Out of curiosity, does anywhere else other than america have throttling/bandwidth caps like this?
Yeah. Capping (or "lite" HSI) was a hot topic in Canada when the discussion came up here. Capping was popular in the dial-up era, when you bought "minutes," but when cable and DSL came out, I don't remember any company talking about caps. Faded from memory. Pay-per-use billing seems reasonable when the infrastructure is unable to handle the demand, and ISPs regularly oversell their bandwidth by hundreds or thousands of percents. It's very difficult to determine real Internet speeds vs. what an ISP advertises in the US, and they aren't required to provide any type of data on that. Hughesnet, for example, previously sold me an "up to 15mbps" connection, with the idea being that it must be faster than the "up to 10mbps" connection. In reality, speeds while people were home (including myself) was ~3mbps.
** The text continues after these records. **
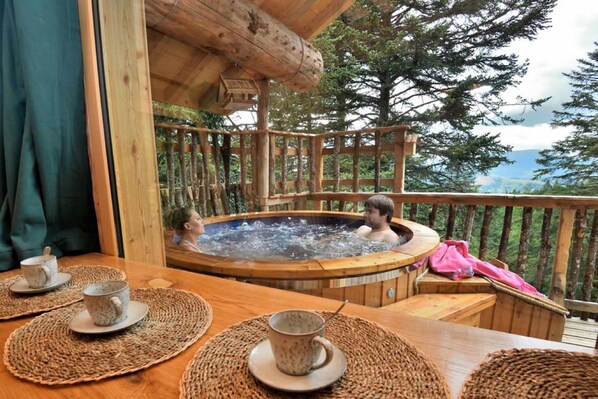 Outdoor spa tub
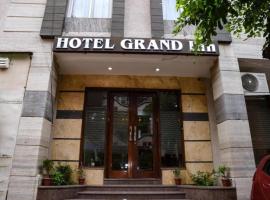 Hotel Grand In 5 Mints walking from Vaishali Metro Station，位于加济阿巴德的酒店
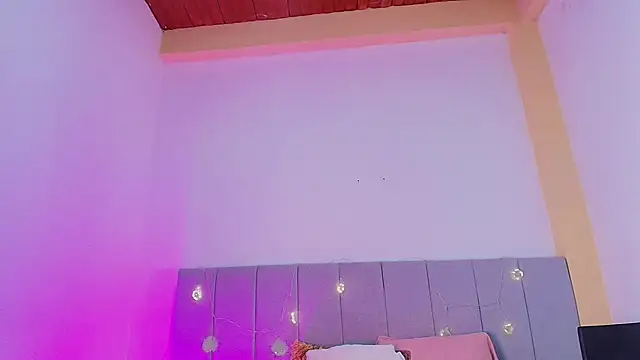 LiiaaGenner online show from 9, 4, 2026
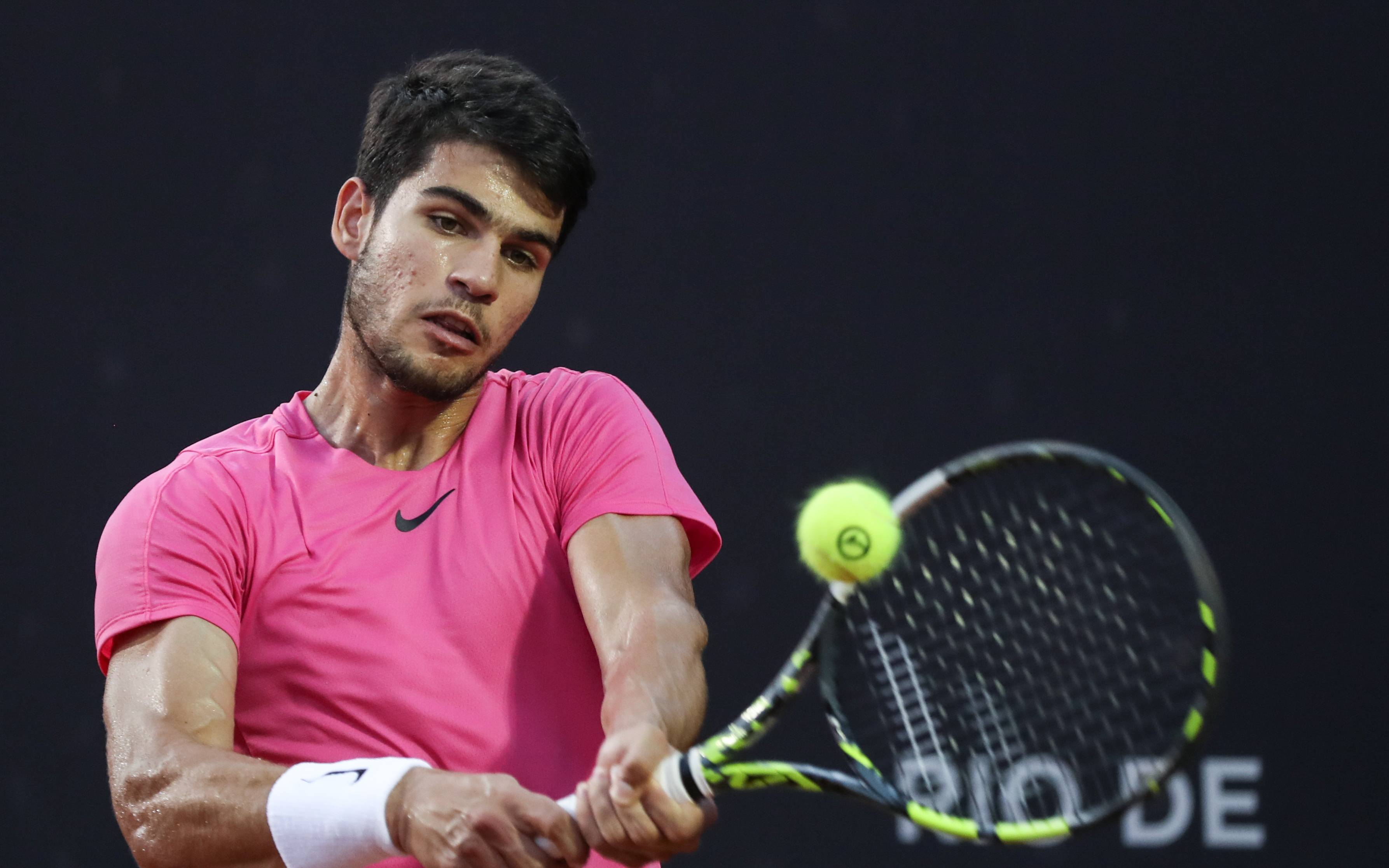 阿尔卡拉斯重返世界第一，纳达尔912周后首次跌出世界前十_搜狐网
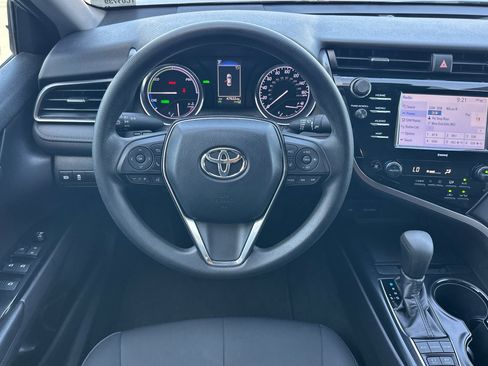 Certified 2020 Toyota Camry LE w/ Fleet Convenience Package FWD image 14
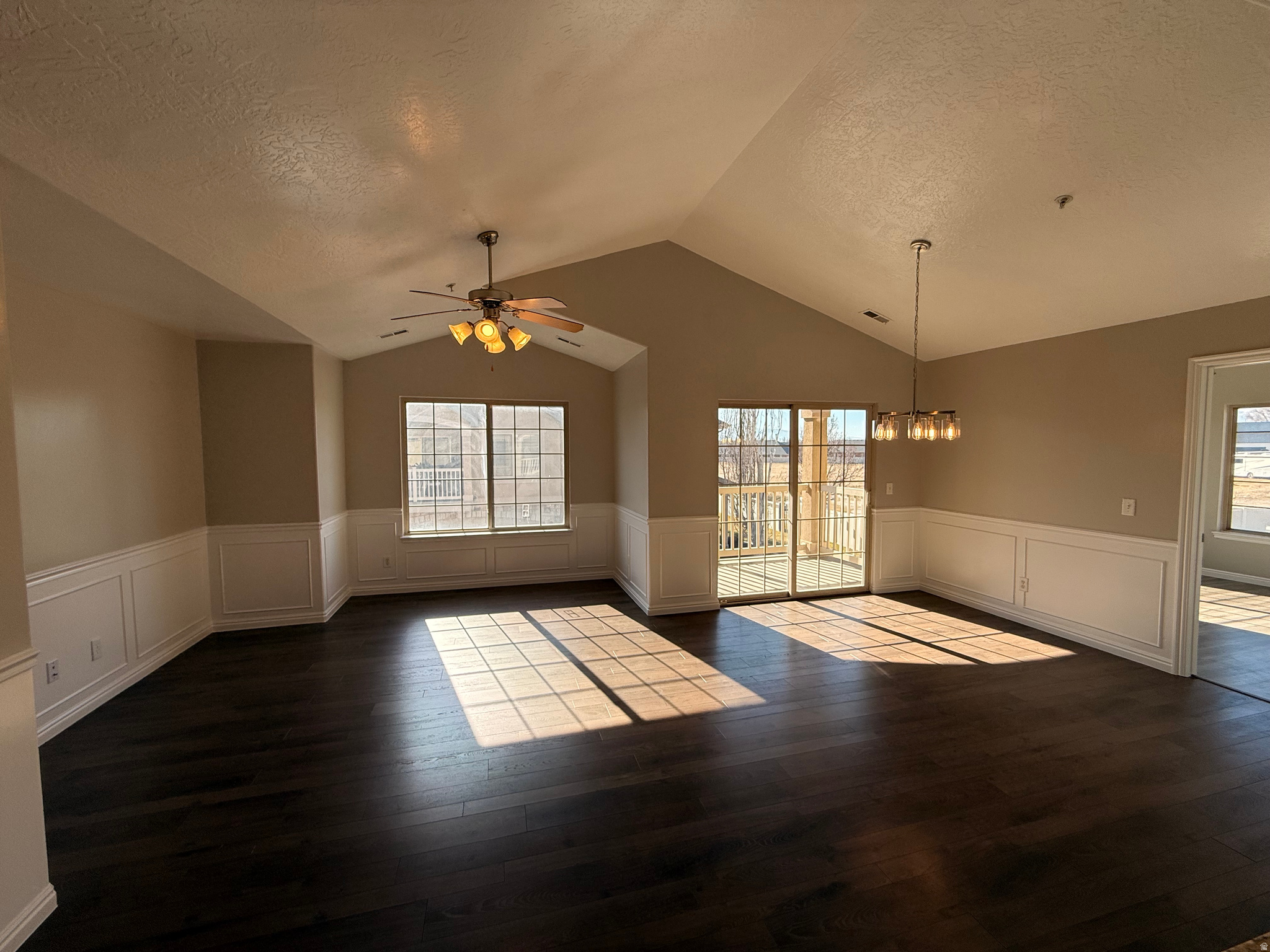 HAYMAKER RETREAT - Residential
The trouble with pay-per-use (or capping) being sold as any type of efficient consumer-oriented "feature," is that it doesn't actually solve the problem with peak times (~3-10pm), when the vast majority of users are online and experiencing poor service. People using an obscene amount of bandwidth per month are most likely downloading files throughout the day (esp. if torrents), not streaming them, but because people stream when they're home, all that streaming at once leads to congestion due to ISPs' abused ability to oversell their bandwidth. So really, bandwidth caps are just another arbitrary limit imposed to get consumers to pay more, but ISPs are trying to keep the discussion about "over-eaters" rather than their inadequate, oversold service.
I'd think if the US really wants to see change, we'd be asking why ISPs, industry-wide, are allowed to advertise a meaningless maximum speed without giving typical speeds, nor guaranteeing a minimum speed. I'm not saying "there ought to be a law," but if enough people are aware of what ISPs' marketing departments are doing, maybe consumers would be more willing to select a service willing to publish meaningful details about their service instead of their arbitrary speed/volume caps on plans.
what is the point of offering higher speeds if you have a cap of 250gb. that looses its incentive.
ISP's should not be allowed to provide tv services, only internet.
companies like at&t is actually trying to compete with Netflix and providing shit internet so people jump to their shitty tv service.